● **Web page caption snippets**
*** Block opens ***
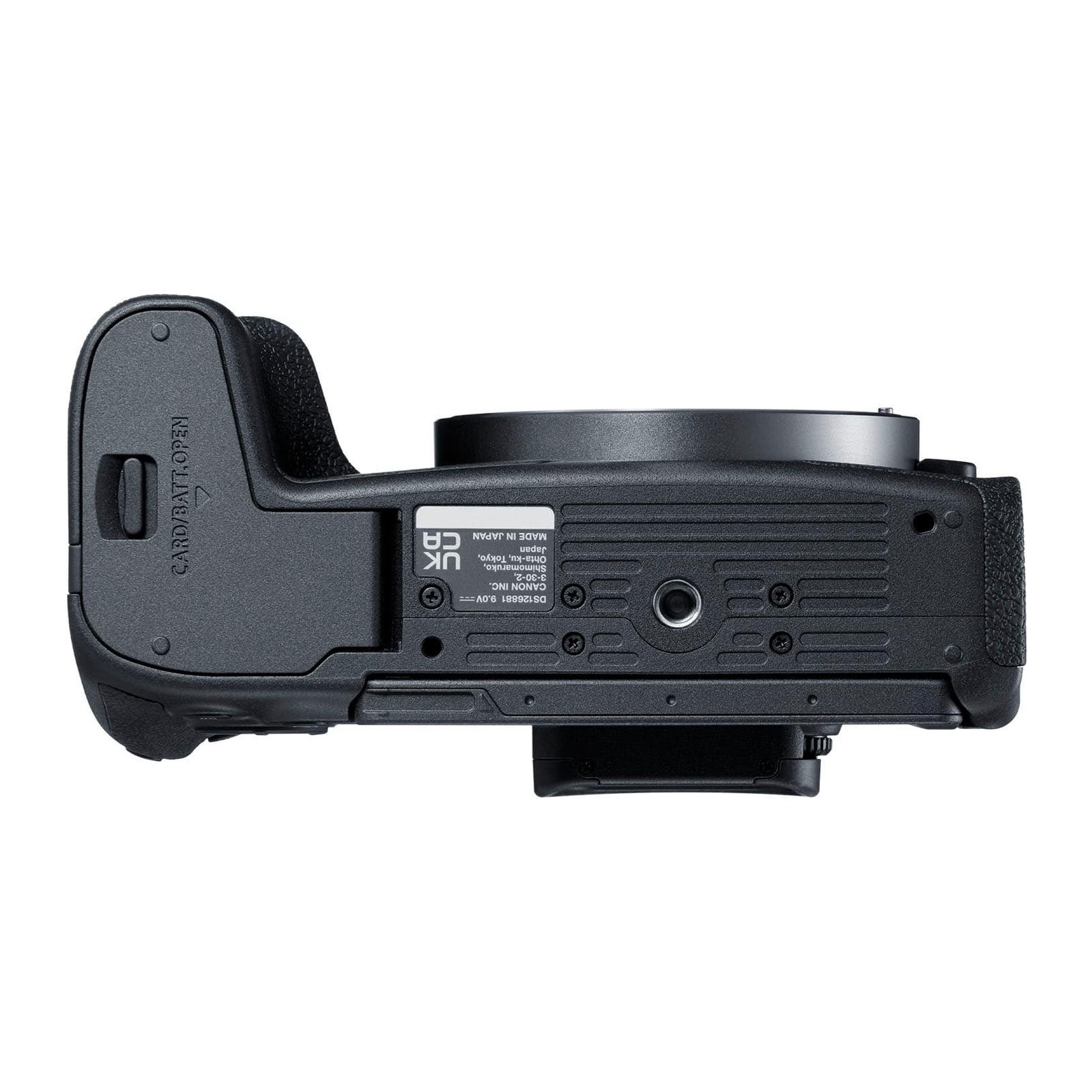 Canon EOS R8 Kit with RF 24-105mm view 5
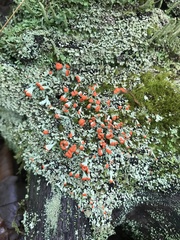 Cladonia incrassata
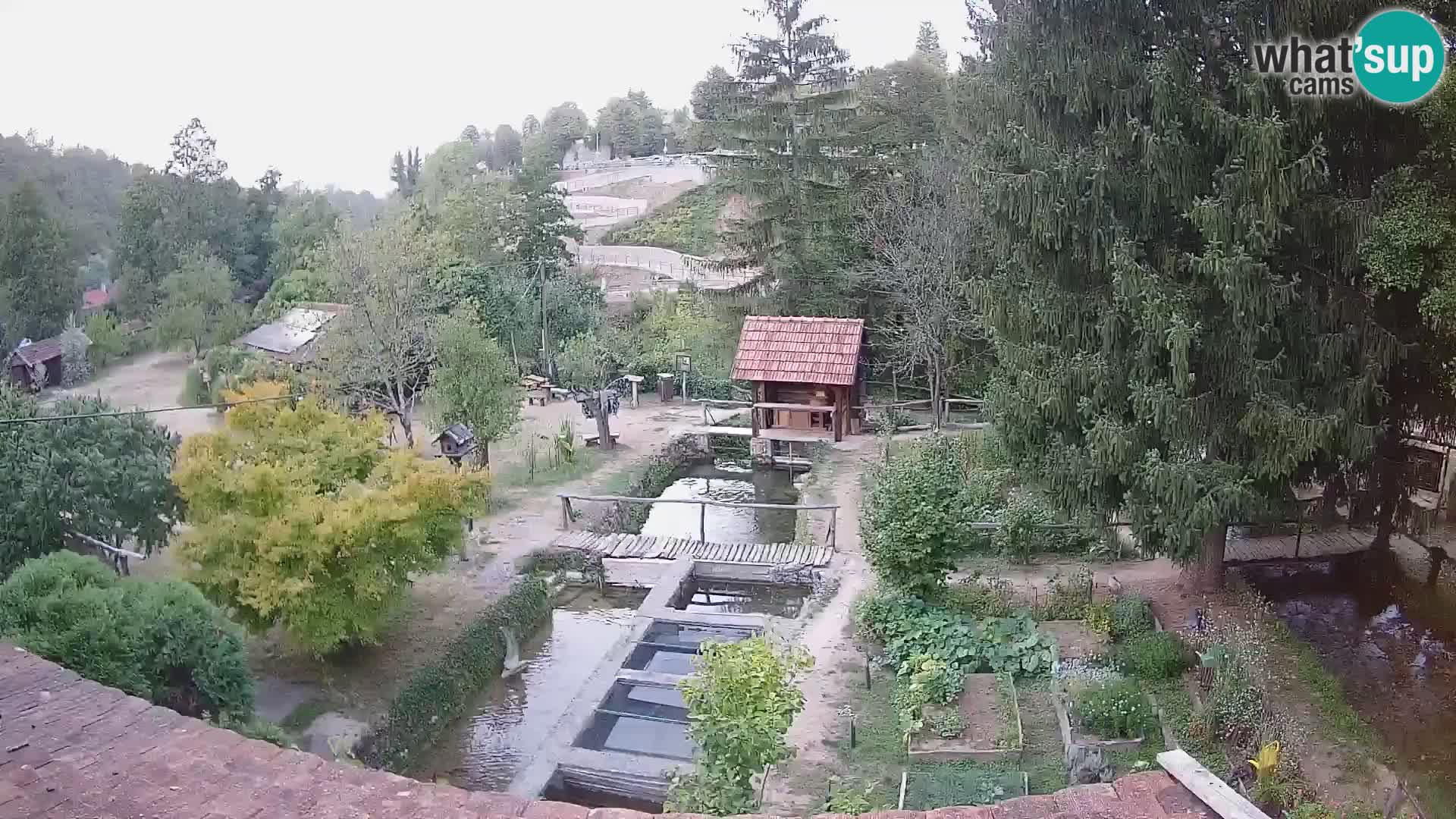 Cámara web en vivo Rastoke – río Slunjčica – Croacia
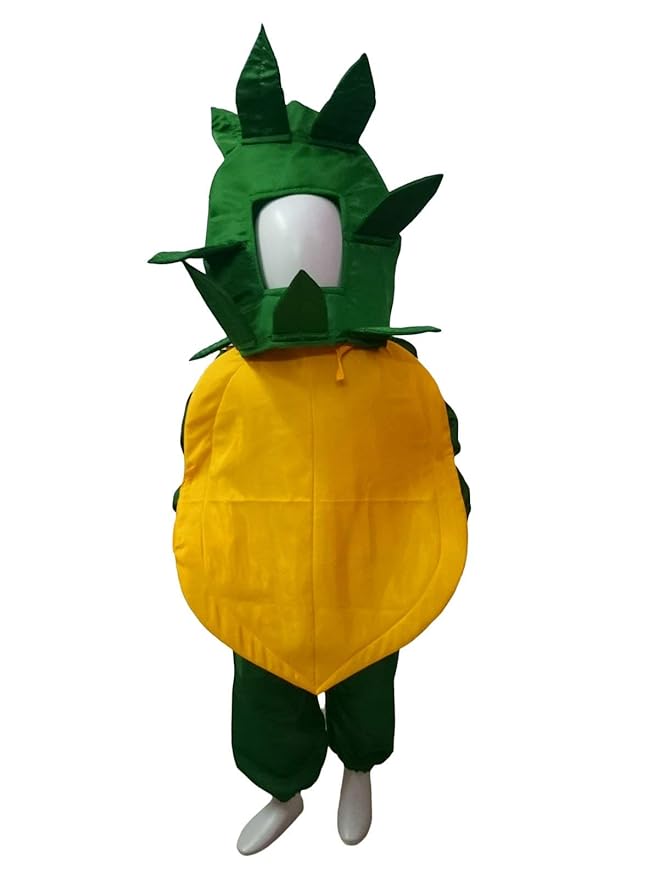 Buy BookMyCostume Papaya Fruit Kids Fancy Dress Costume 23 years
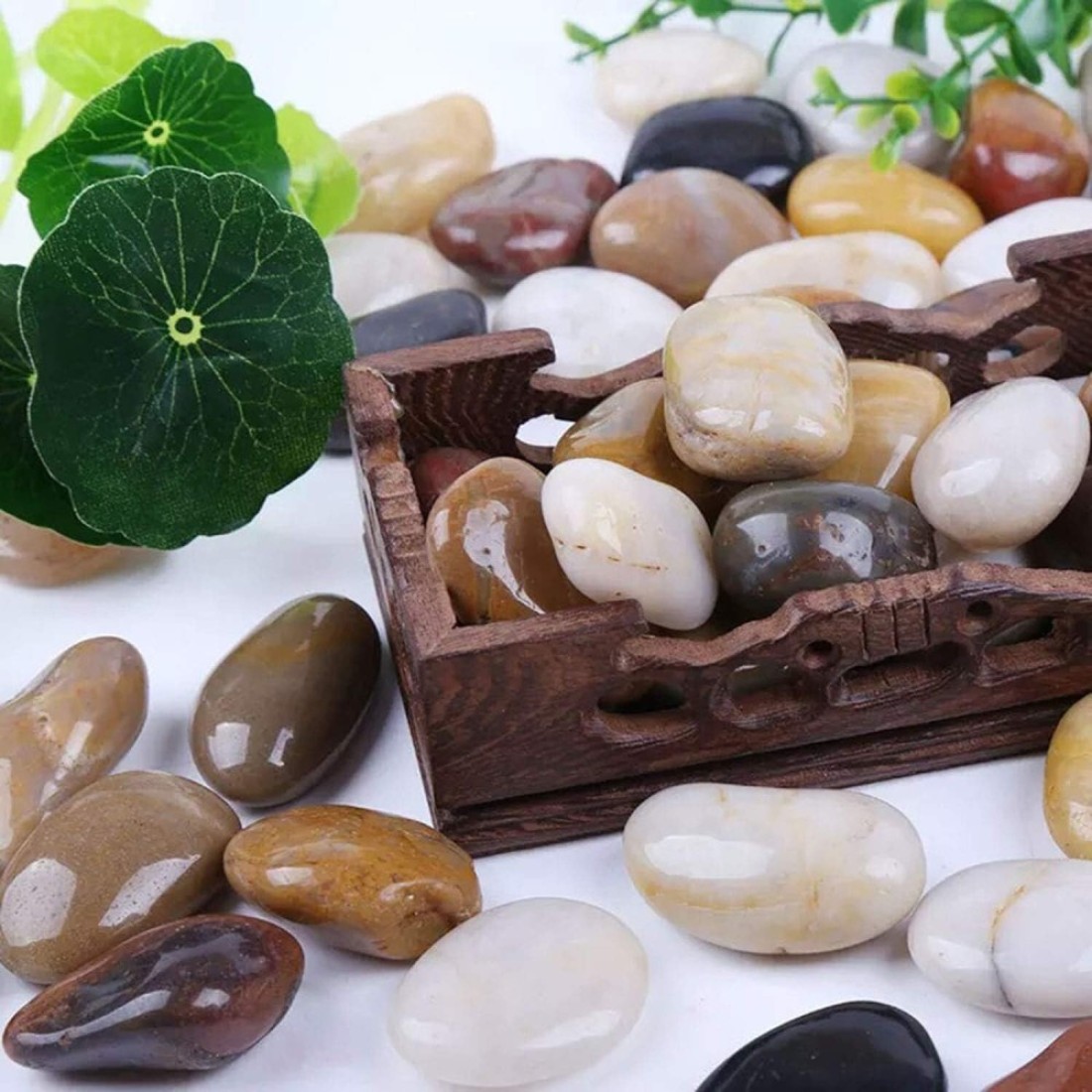 Polished Indian Stone 10 kg (1-2cm) Aquarium Pebbles Natural Gravel Fish Tank Stones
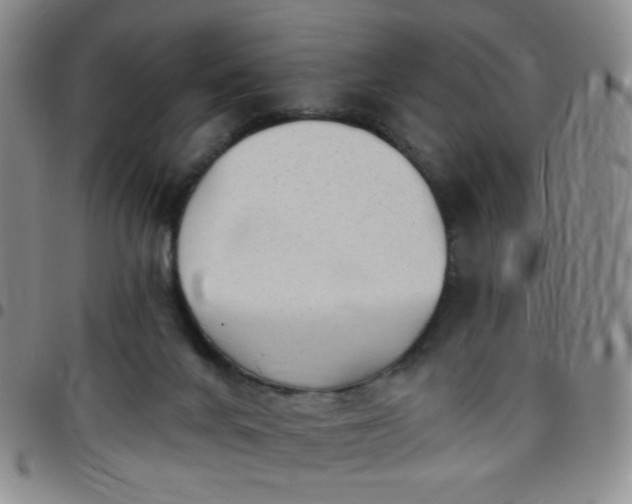 X0000097770024200803141755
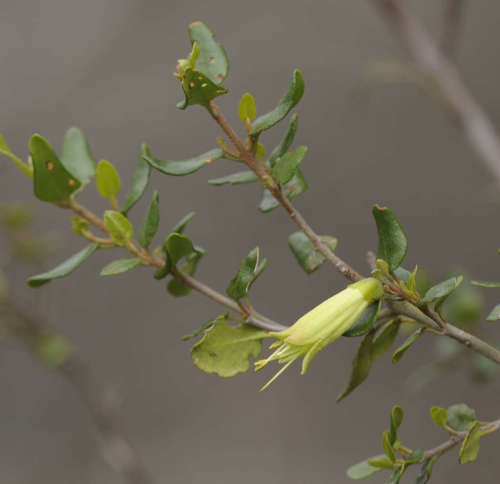 Correa glabra (Correa glabra)
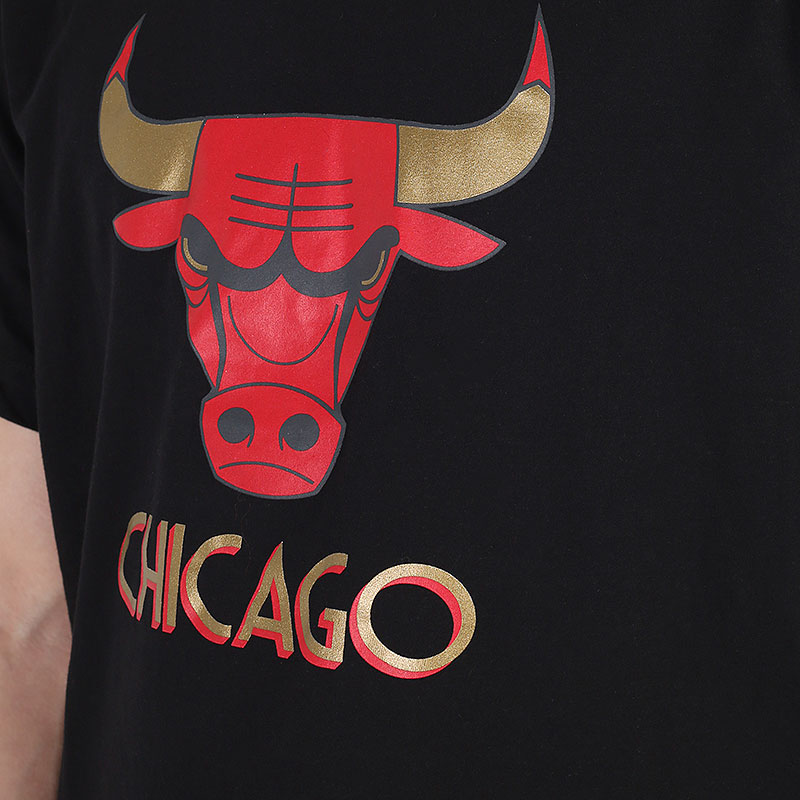 Мужская футболка Nike NBA Dri-FIT Chicago Bulls Logo Tee (CT9440-010)  - цена, описание, фото 2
*** Block closes ***
● **WORK REQUEST**
Write out nothing but the lines from the start of the data through the line with "Correa glabra (Correa glabra)". Leave out the pictures.

● **RESULT**
 Canon EOS R8 Kit with RF 24-105mm view 5
 Cladonia incrassata
 Cámara web en vivo Rastoke – río Slunjčica – Croacia
 Buy BookMyCostume Papaya Fruit Kids Fancy Dress Costume 23 years
 Polished Indian Stone 10 kg (1-2cm) Aquarium Pebbles Natural Gravel Fish Tank Stones
 X0000097770024200803141755
 Correa glabra (Correa glabra)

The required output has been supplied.